Una dinámica que tampoco se corrigen en la portería azulgrana, donde Ter Stegen y Bravo encajan como nunca: 17 dianas en ocho partidos el alemán y tres en cuatro el chileno. Así, no es extraño que el equipo de Luis Enrique haya empeorado sus registros; a estas alturas, el año pasado contabilizaba 12 tantos en contra por los 19 de ahora. Lejos quedan los clean sheets [porterías a cero] de Bravo, que en el ejercicio anterior cifró el récord azulgrana en 21 partidos. “Somos el mejor equipo del mundo y tratamos de evitar estos pequeños detalles”, reflexionó Luis Suárez cuando le cuestionaron por la facilidad con la que recibían tantos.

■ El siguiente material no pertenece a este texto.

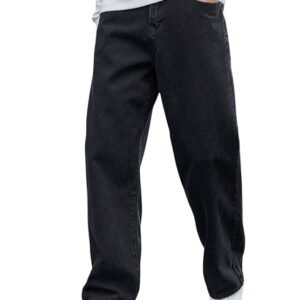Mens Regular Fit Mide Rise Jeans - Carbon Black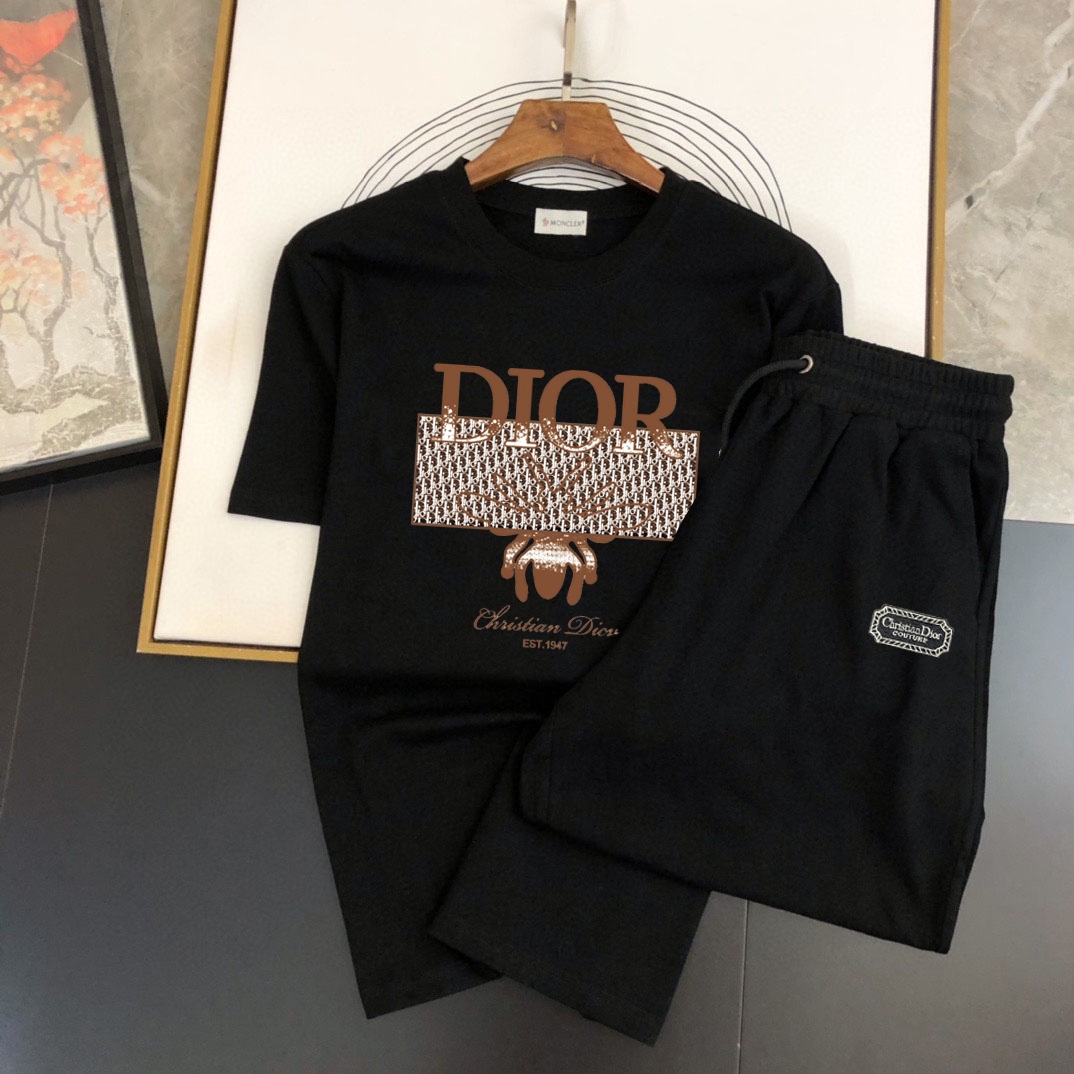 Dior Clothing T-Shirt Two Piece Outfits & Matching Sets Spring Collection Fashion Short Sleeve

También encajan correctivos como el del Celta y el Sevilla, que recuerdan a la temporada 2003-2004 con Frank Rijkaard en el banquillo, última vez que el Barça perdió dos encuentros en las siete primeras jornadas. Queda mucho en juego, pero con flaquezas en las áreas y sin Messi, la pendiente es para arriba.